▶ _Assigned task_
The entries that follow need to be reproduced exactly, minus any images.

▶ _Extracted data entries_
· · · · ·

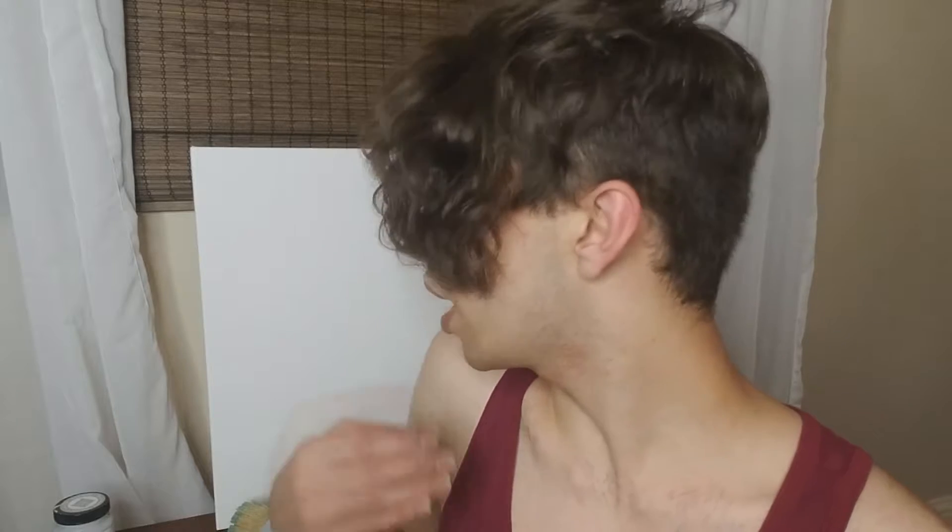Hey, what's up everybody! Welcome to today's video. I'm going to be painting a canvas because I'm moving pretty soon and I'm setting up my office. I already got a lot of things for my office, so I wanted to paint a canvas. If I like it I'll hang it up, but if not I'll probably give it to someone. I'm just hoping I'll like it because I really want to hang it.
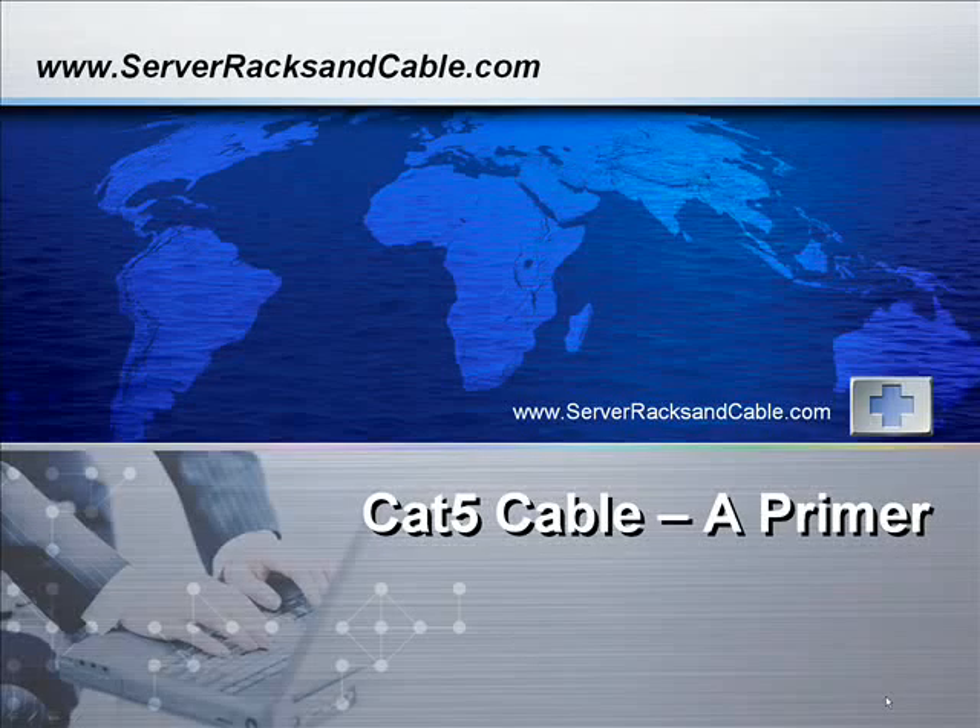Hi, this is Mike from SirRaxandCable.com. Today I'm beginning a primer on CAT5 cable.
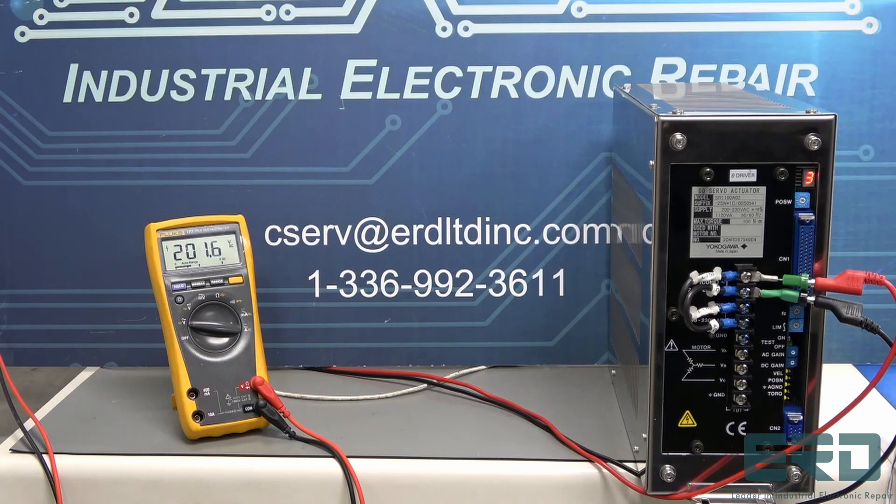ERD has decades of experience with semiconductor tool assembly unit repairs, so even if you do not see your unit on our online catalog, please reach out to us.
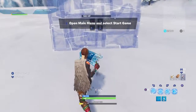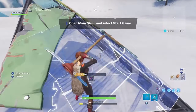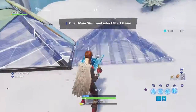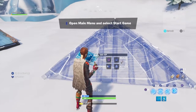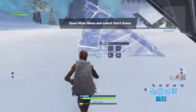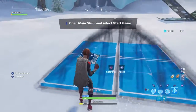Hey, what is up guys. Today I'm going to be doing a video teaching you how to do easier 90s. What you're going to do is start off with your pyramid. For doing 90s on the right, you're going to want to edit it in-game on the very left top corner.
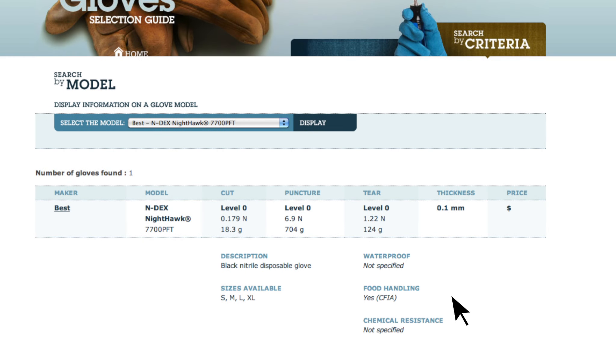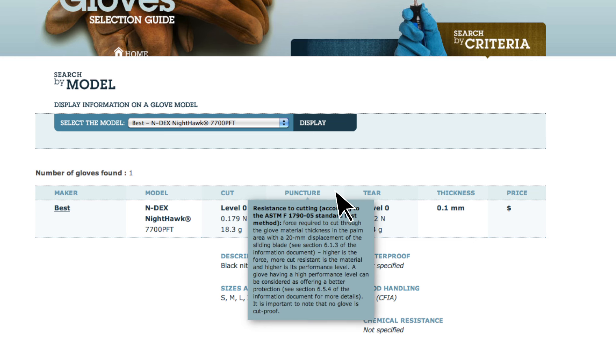It is important that the user refers to the manufacturer for the complete specifications of the glove. Also, by scanning the tabs with the mouse, a description of the item appears.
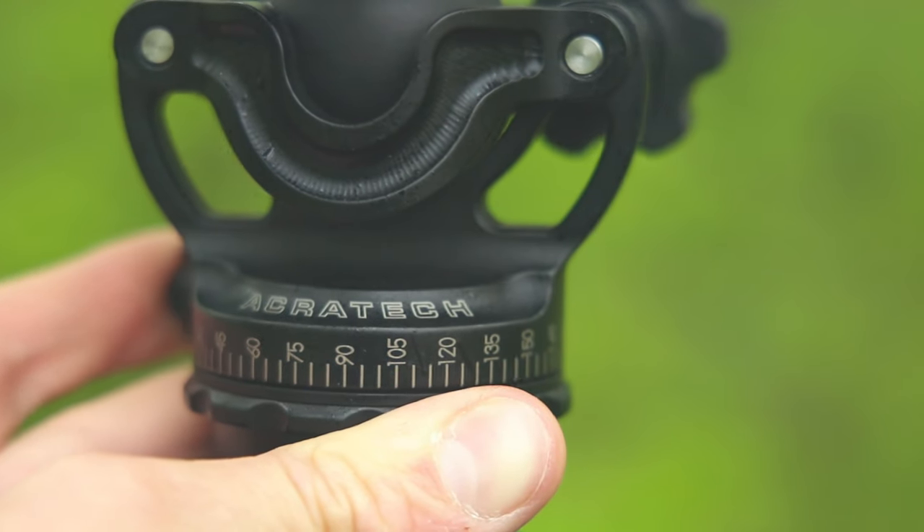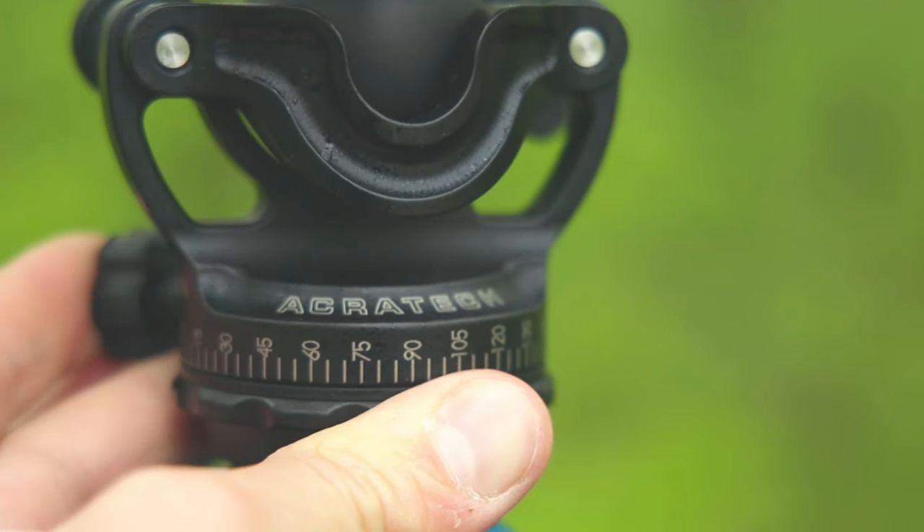Just to clarify, everything I just talked about was solely based on the panorama conversion feature. Now there are a couple of other features I want to talk about. The first is that all of its markings are laser engraved, which means they're not going to get scratched off — they'll be there pretty much forever. That's a really nice touch that adds to the durability and lifespan of the Acratech GXP Ball Head.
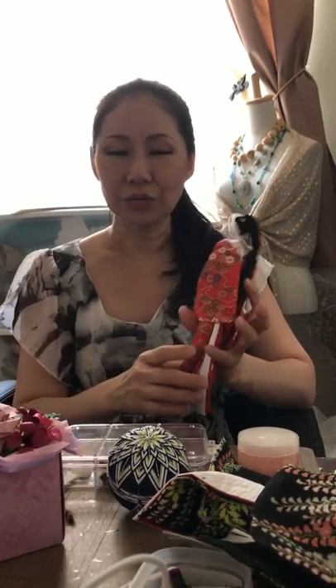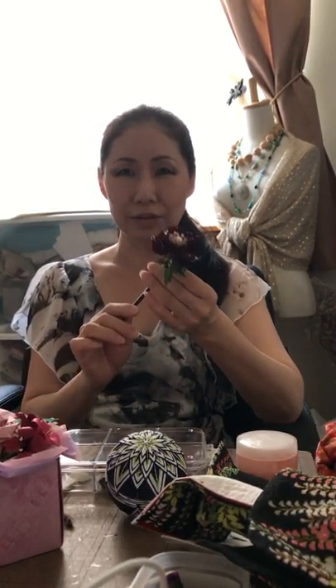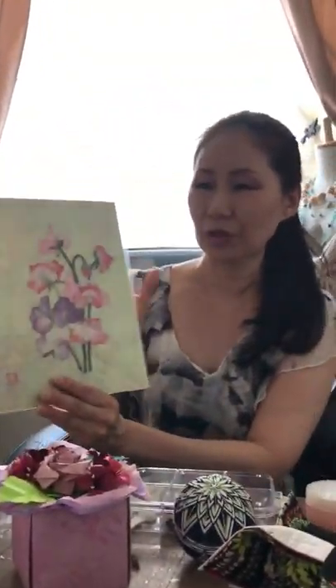I also do other kinds of art that include resin flower kanzashi and chigire torn paper art. Every piece of my art is handmade and each has its own character.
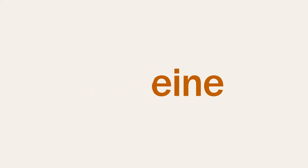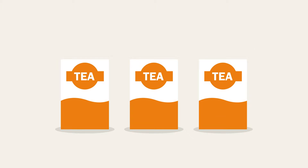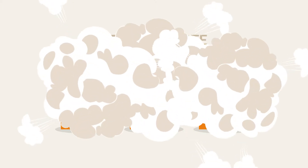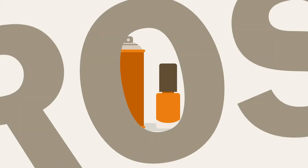How is caffeine removed from tea? The decaf teas you'll find in the supermarket are made using scary-sounding ingredients like methylene chloride and ethyl acetate — chemicals that are used in hairsprays and polish removers. Gross!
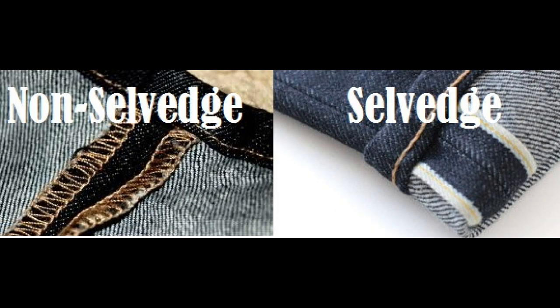When dealing with raw denim, another term you need to understand is selvedge. Here's the deal: raw refers to the wash, selvedge refers to the edge. The jean on the right has a selvedge edge. What this does is actually reinforce that jean, prevent it from unraveling, and really make it a stronger, more durable product.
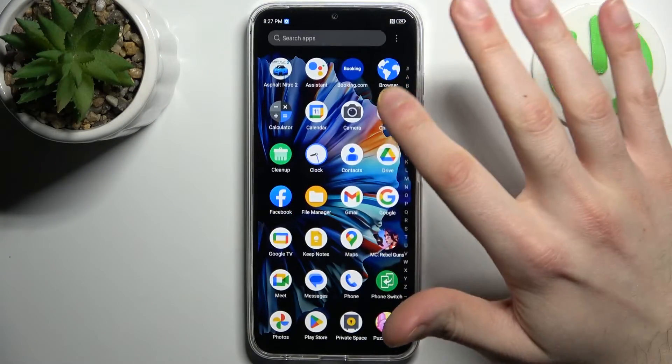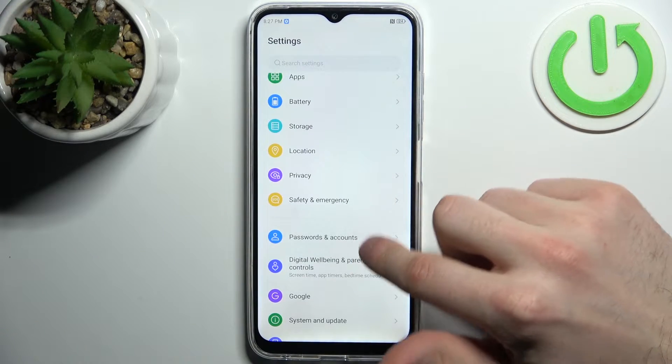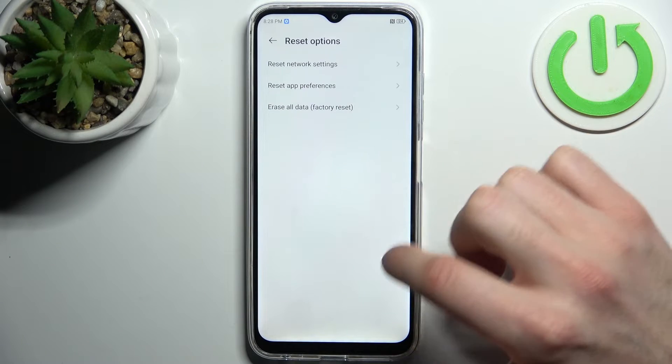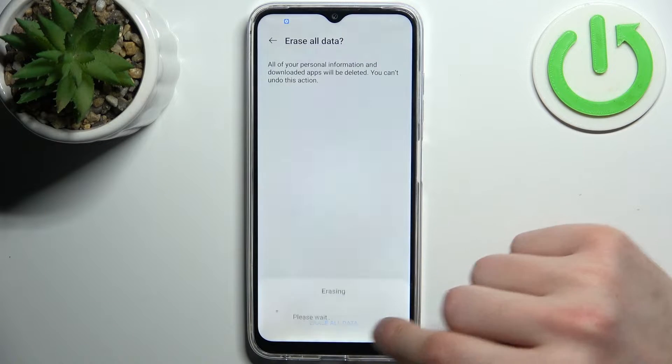Firstly let's go to Settings, then we go to the System section, then System and Update and select Reset Options, then Erase All Data, then tap Erase All Data and then once again. After that the device will be restarted in about a minute or two.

· · · · ·

▶ _Response area_
Hey, what's up everybody! Welcome to today's video. I'm going to be painting a canvas because I'm moving pretty soon and I'm setting up my office. I already got a lot of things for my office, so I wanted to paint a canvas. If I like it I'll hang it up, but if not I'll probably give it to someone. I'm just hoping I'll like it because I really want to hang it.
Hi, this is Mike from SirRaxandCable.com. Today I'm beginning a primer on CAT5 cable.
ERD has decades of experience with semiconductor tool assembly unit repairs, so even if you do not see your unit on our online catalog, please reach out to us.
Hey, what is up guys. Today I'm going to be doing a video teaching you how to do easier 90s. What you're going to do is start off with your pyramid. For doing 90s on the right, you're going to want to edit it in-game on the very left top corner.
It is important that the user refers to the manufacturer for the complete specifications of the glove. Also, by scanning the tabs with the mouse, a description of the item appears.
Just to clarify, everything I just talked about was solely based on the panorama conversion feature. Now there are a couple of other features I want to talk about. The first is that all of its markings are laser engraved, which means they're not going to get scratched off — they'll be there pretty much forever. That's a really nice touch that adds to the durability and lifespan of the Acratech GXP Ball Head.
I also do other kinds of art that include resin flower kanzashi and chigire torn paper art. Every piece of my art is handmade and each has its own character.
How is caffeine removed from tea? The decaf teas you'll find in the supermarket are made using scary-sounding ingredients like methylene chloride and ethyl acetate — chemicals that are used in hairsprays and polish removers. Gross!
When dealing with raw denim, another term you need to understand is selvedge. Here's the deal: raw refers to the wash, selvedge refers to the edge. The jean on the right has a selvedge edge. What this does is actually reinforce that jean, prevent it from unraveling, and really make it a stronger, more durable product.
Firstly let's go to Settings, then we go to the System section, then System and Update and select Reset Options, then Erase All Data, then tap Erase All Data and then once again. After that the device will be restarted in about a minute or two.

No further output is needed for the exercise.